If you're working in the virtualisation field Pacifica seems far more interesting than VT -

Part 1

Part 2

Part 3

Reply Score: 5

RE: Pacifica Better ?
by Hands on Wed 8th Feb 2006 17:05 in reply to "Pacifica Better ?"
Hands Member since:

For those who would like a summary of the inq links:

Due to the design decisions made by AMD when creating the K8 architecture, they have some tools that Intel does not have. AMD has an integrated memory controller on the CPU, and the CPU has hypertransport connections ("direct connect architecture"). There are of course other differences in the design, but these two are the most obvious in relation to virtualization.

AMD can virtualize memory management completely within the CPU because all memory access is done through the CPU. They came up with two different ways of handling memory virtualization. One is more software-oriented while the other is more hardware-oriented. Intel's memory virtualization management must be done completely through software at the moment. This can be a big deal with a guest OS that uses a significant amount of memory.

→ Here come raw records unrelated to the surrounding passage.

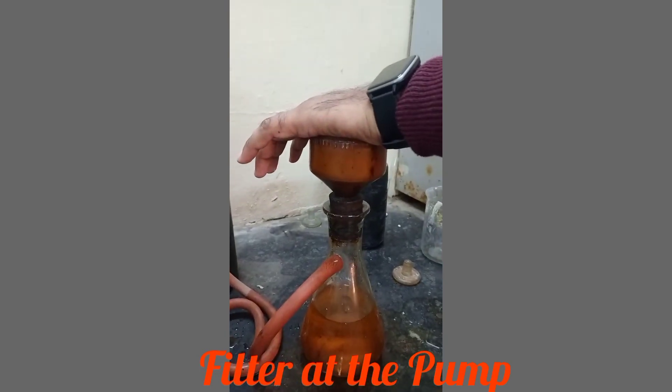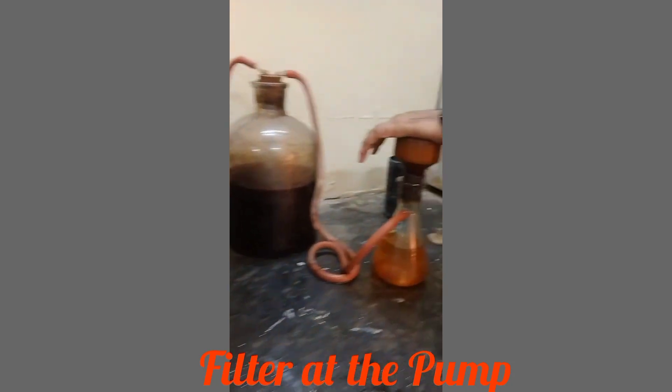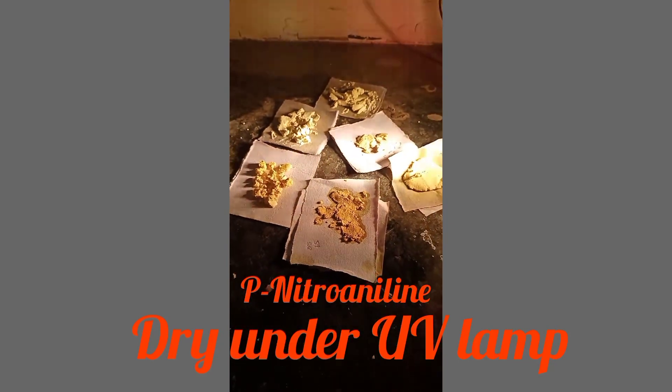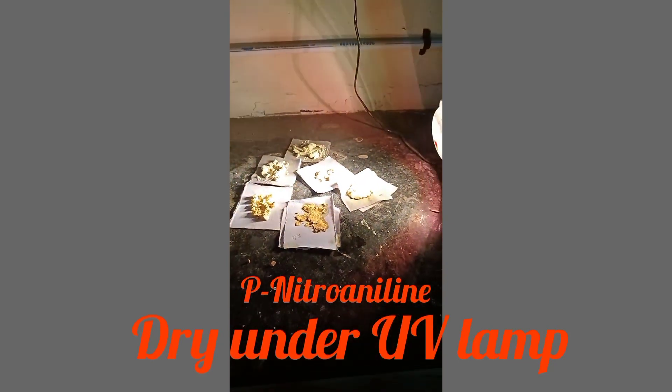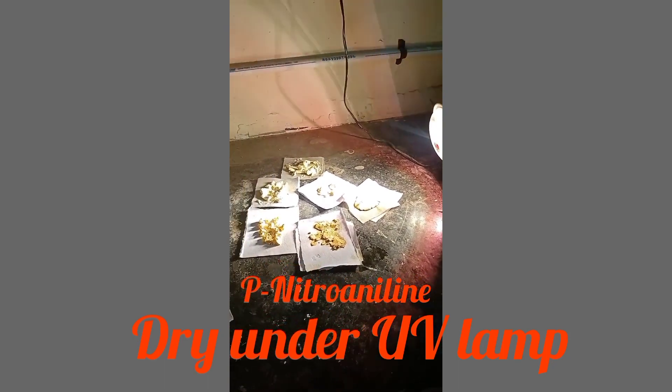After complete filtration at the pump, wash well with water and drain thoroughly. Under UV light, the product appears as a dark yellow powder with a melting point of 147 to 148 degrees Celsius.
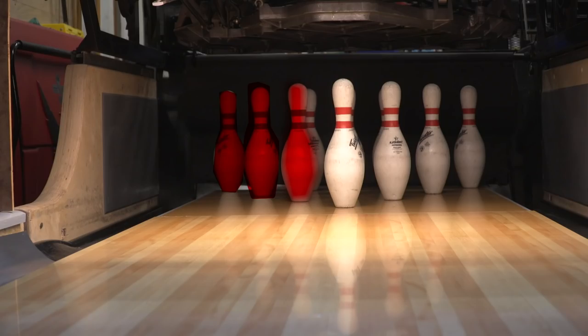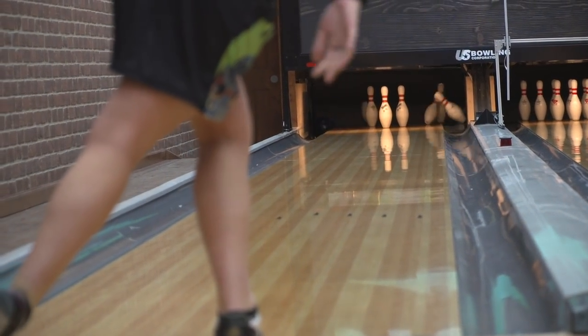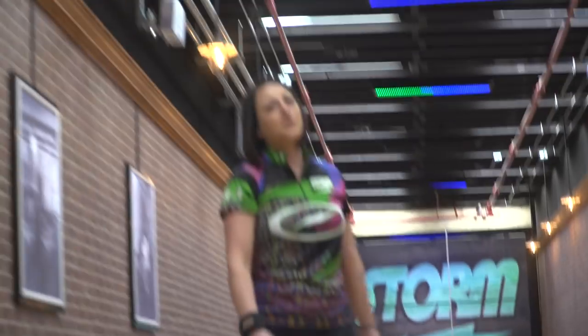Let's go on to step 4. Step 4 is hitting the 2-4-7 without hitting the headpin. That was step 4 — I just hit the 2-4-7 without hitting the headpin. Make sure that you wrote down where you were sliding and where you were hitting.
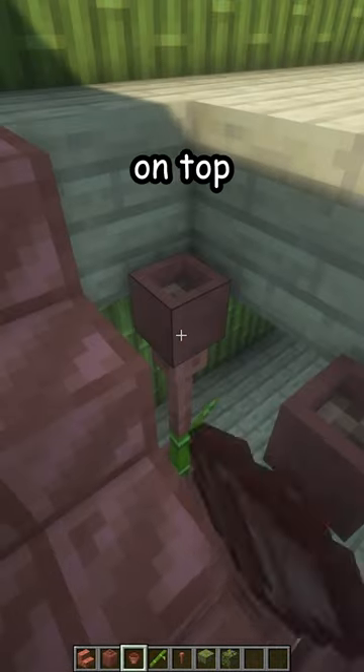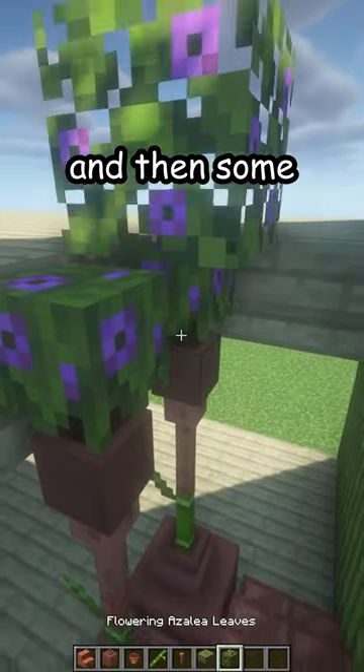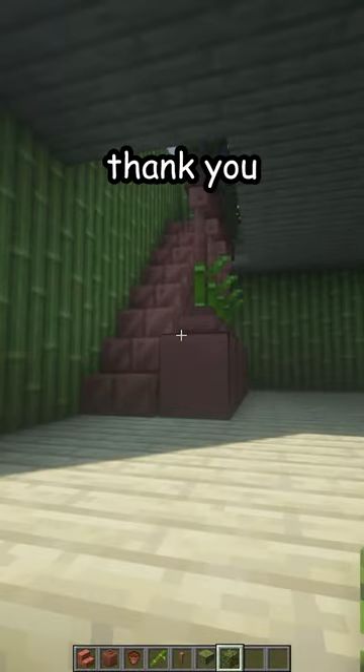Another flower pot on top, a flowering azalea inside, and then some flowering azalea leaves on top just like that — and there's your new staircase. Thank you.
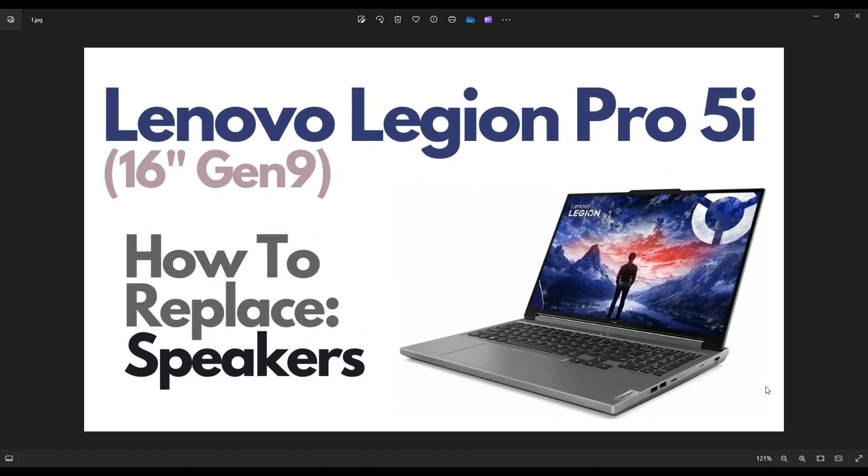Hey guys, my name's Jamin. Thank you so much for visiting my channel. In this video, I'm working on a Lenovo Legion Pro 5i. This is going to be the 16-inch and the Gen 9 series.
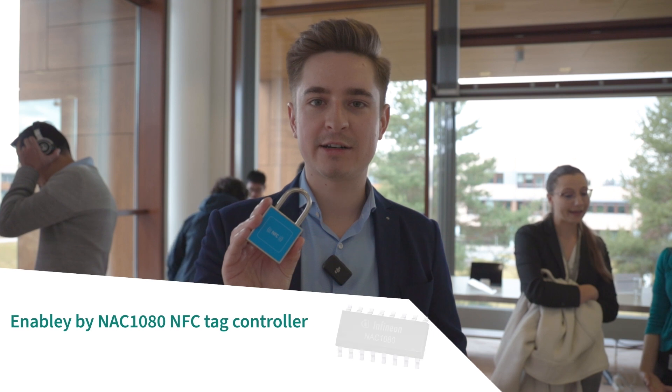Hi there. Today I want to introduce to you our new products, the NFC Techside Controllers. They are integrated chips that can enable NFC power harvesting and NFC actuation and sensing applications. For example, smart locks.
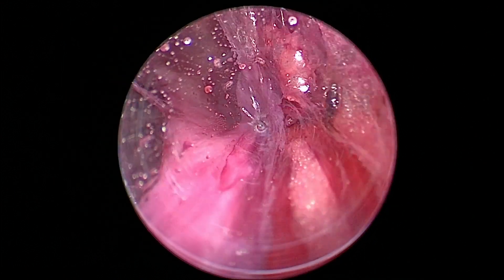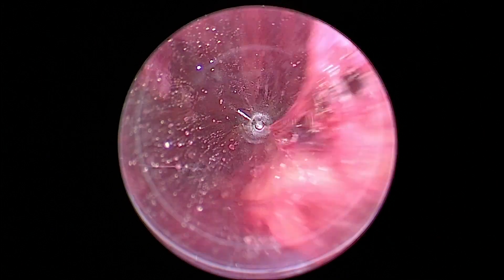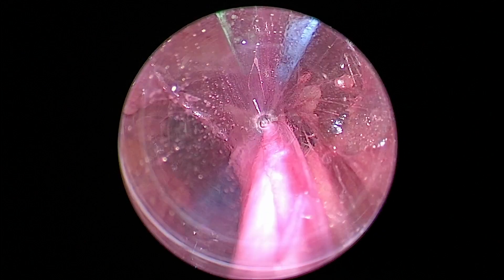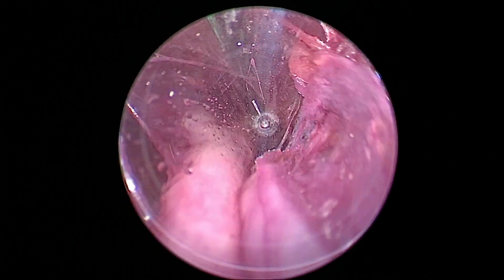Sometimes there's a little bit of adventitia that I didn't get to when I did my dissection, because you want to just do a little bit of dissection before you do this — just the tip. Don't clean off that whole branch.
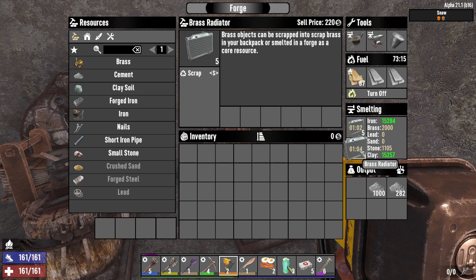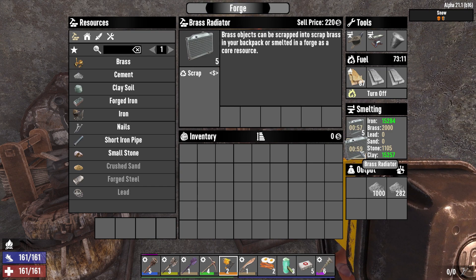I mean forge. Put the radiator in the forge directly and it will smelt into brass, which you can use to craft stuff in the furnace.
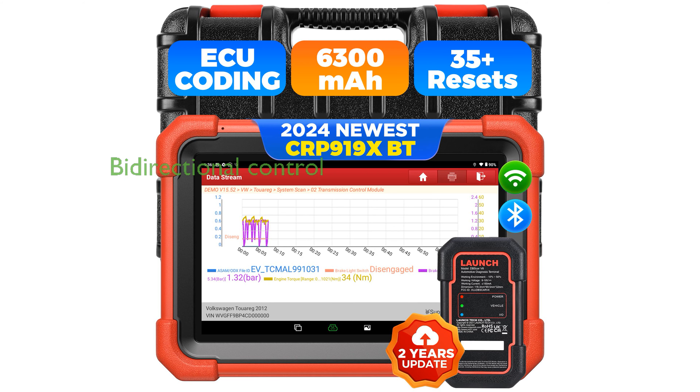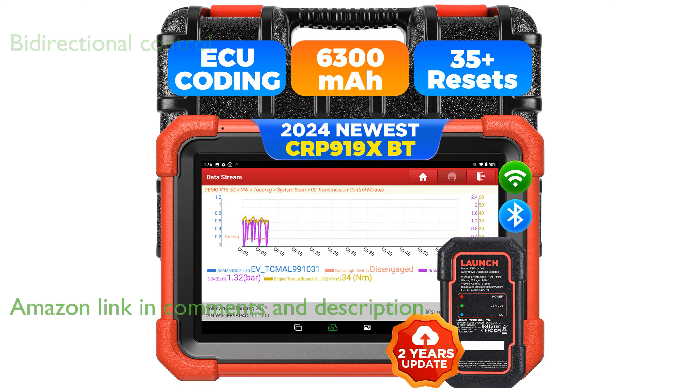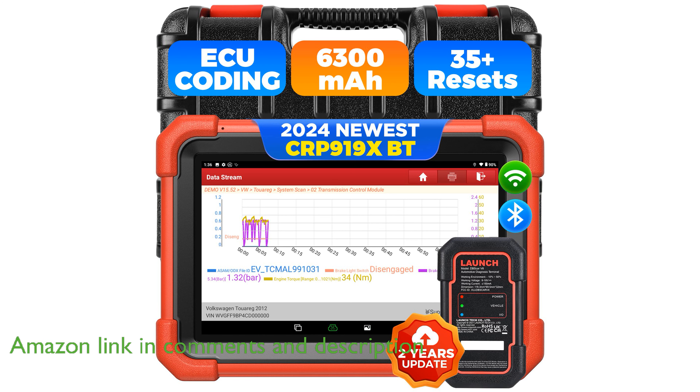The Launch X431 CRP99XBT OBD2 scanner is a standout diagnostic tool with its enhanced bi-directional control capabilities, allowing precise commands to be sent to the vehicle's ECUs.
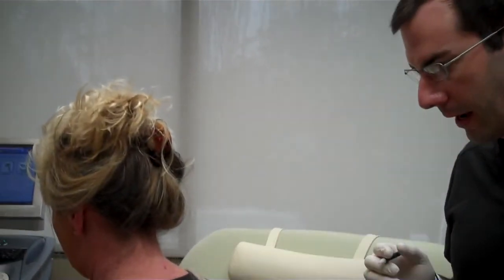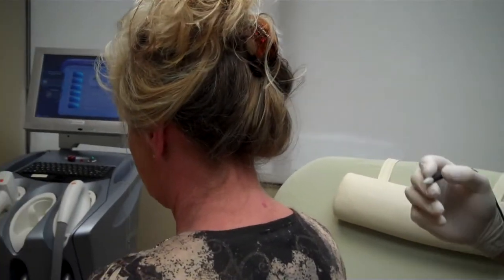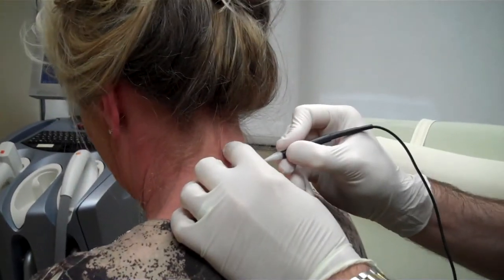I just wanted to shoot this video to show you how easy this treatment is to get through. She didn't have hardly any pain at all with the first one.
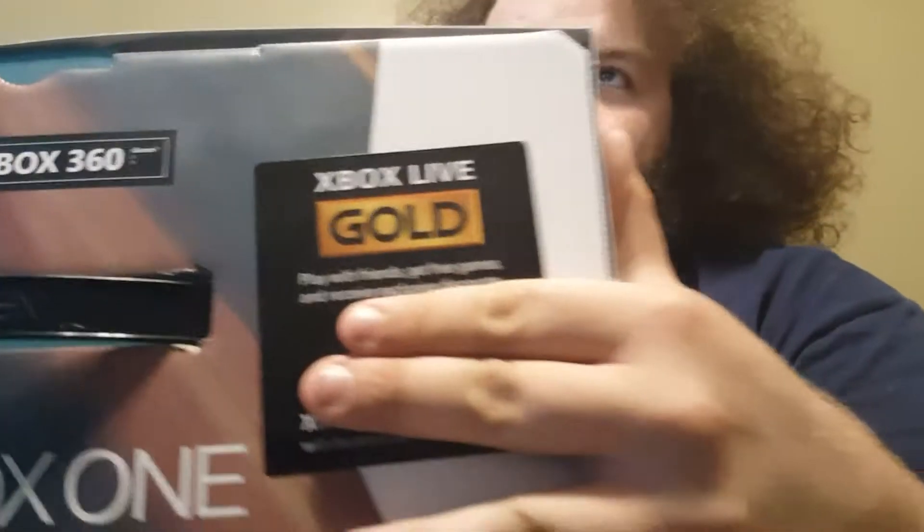First up we have... I got $10 off of six months of Xbox Live Gold. Pretty good deal, though I've been paying for it monthly since the last time I had an Xbox.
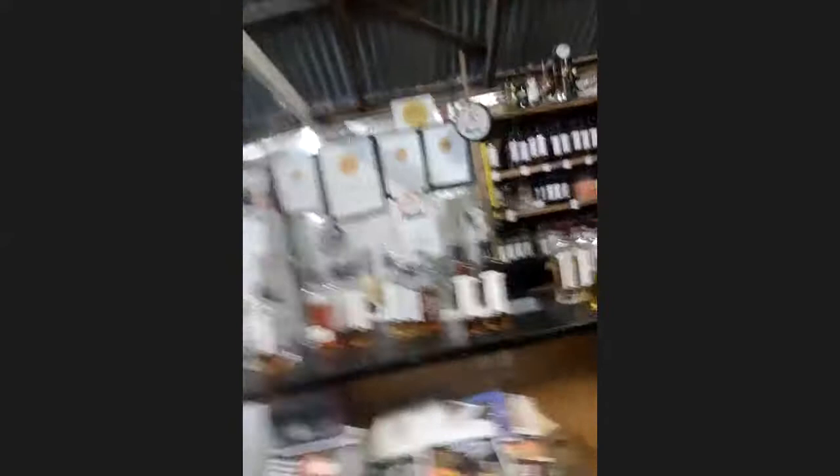The question that comes to mind is: why do you do 100% rye? The main reason I do 100% rye is that's what I grow here on the farm. I've been growing rye for many, many years — probably since I was a teenager. When I wanted to start making whisky, the only reason I started was I had a surplus of rye grain one year and I couldn't sell it. Then I thought, well, there's not very many 100% ryes about, so I will just make it 100% rye. I could do my own malting, which meant I didn't have to buy anything in except yeast.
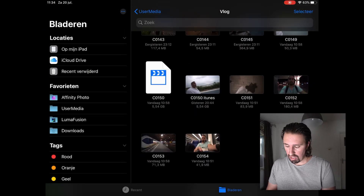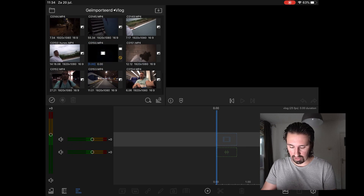When I play something else like this, it's playing fine. But when I go into LumaFusion and I see the clip, it doesn't play either — it doesn't do anything.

Due to the direct connections that hypertransport makes possible between devices and the CPU, device handling can be both more simple as well as complex depending on the situation. Virtualization adds a layer of complexity to this situation just as it adds complexity in other areas. Therefore, AMD included tools to help handle devices between host and guest operating systems.

Pacifica does seem to have advantages over VT, but those advantages are only possible because of there are design differences between the chips in the first place. If AMD hadn't added the capabilities that make Pacifica more compelling, virtualization with an AMD chip could possibly have been more cumbersome and been less appealing than with a VT enabled Intel chip.